Goenka said, “Today we are on the edge of fourth Industrial revolution and our country is capable of doing anything. It is the time of artificial intelligence, so the book talks about how much data is generated in the world and what happens to it. Based on your behavioural habits and how you use the data, you are used as products by these companies. So, we have to understand what is data and how it is colonised by people. Data colonisation helps big players use your data, so somebody is sitting out there and checking your data, so be aware. We cannot allow any type of data used by anyone else. Our data should remain within our country. This is the start of data evolution and we should start a movement of safeguarding our country’s data.”
The book is the outcome of four years of interactions between Goenka, four retired Lieutenant Generals - V.M. Patil, D.B. Shekatkar, Vinod Bhatia and Vinod Khandare - former Additional Sectretary (RAW) Jayadeva Ranade and Bharat Panchal, SVP and Head (Risk Management) at National Payments Corporation of India.
Thus, addressing concerns over Data Privacy and Data Protection "is the need of the hour" as Data Colonisation looms.

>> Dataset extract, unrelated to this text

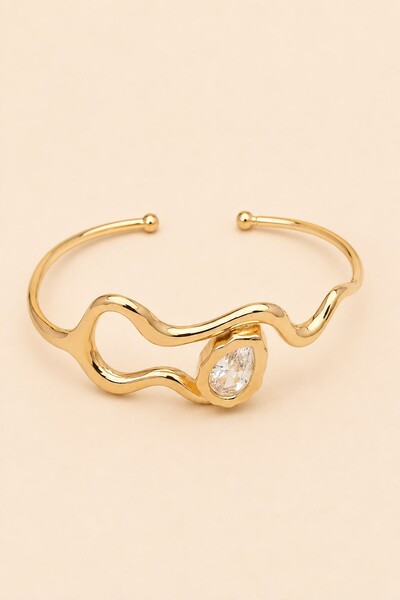 Foto Pulseira Dourada Snake Gota Zircônia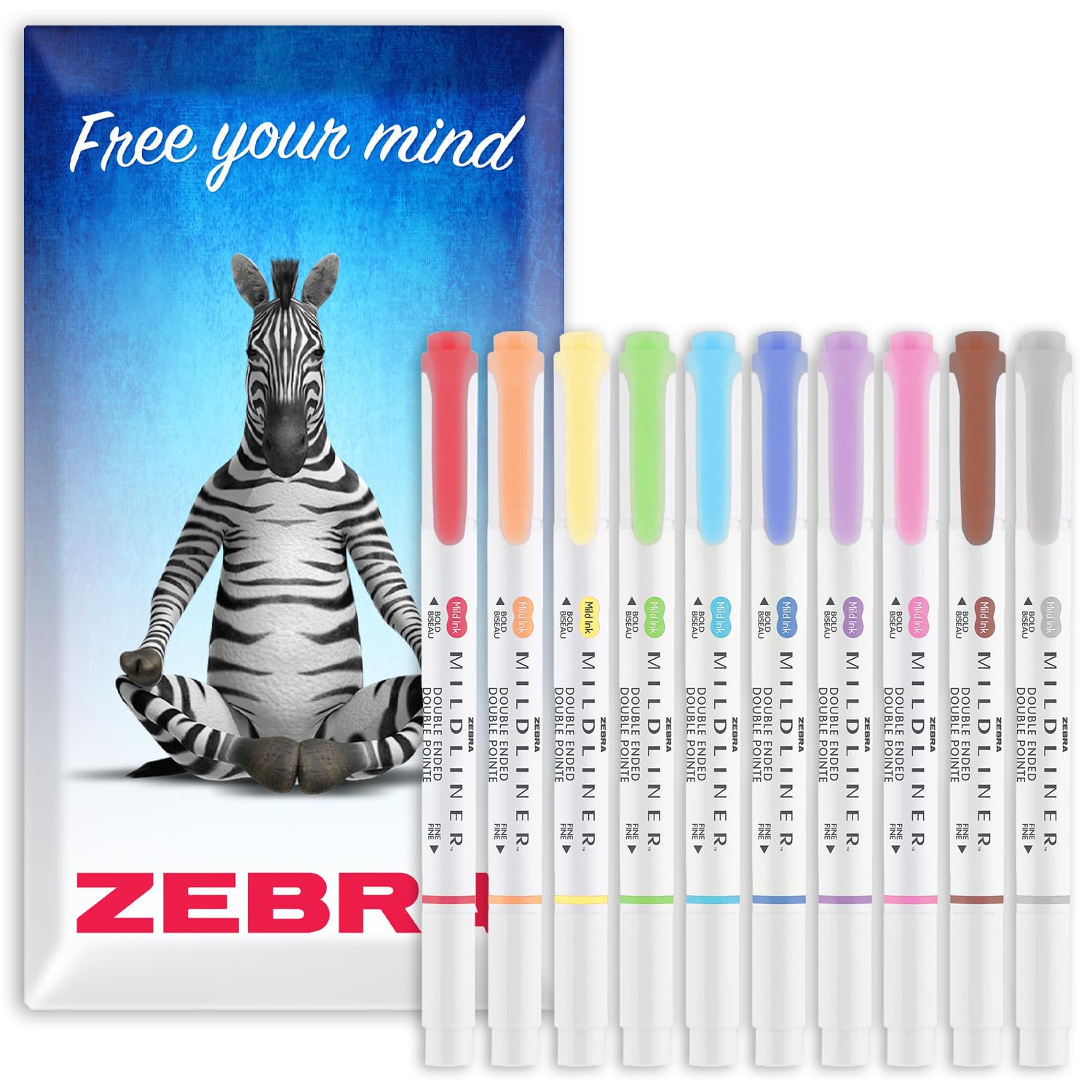 Zebra Pen Mildliner Creative Marker Highlighter Pens - Double Ended Chisel & Bullet Tip Nib - Ideal for School, Revision, Scrapbooking, Bullet Journaling, Writing - In Gift Envelope (Essential)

"A few years ago, this was not looked at as a threat but today, with the growing importance of data in the growing economy, the concept of storage data within the local boundaries has taken significance," says the book, helmed by Vinit Goenka, a Governing Council member of the Centre for Railway Information Systems and former National Co-Convenor of the BJP''s IT Cell and former Staffing Partner, IBM.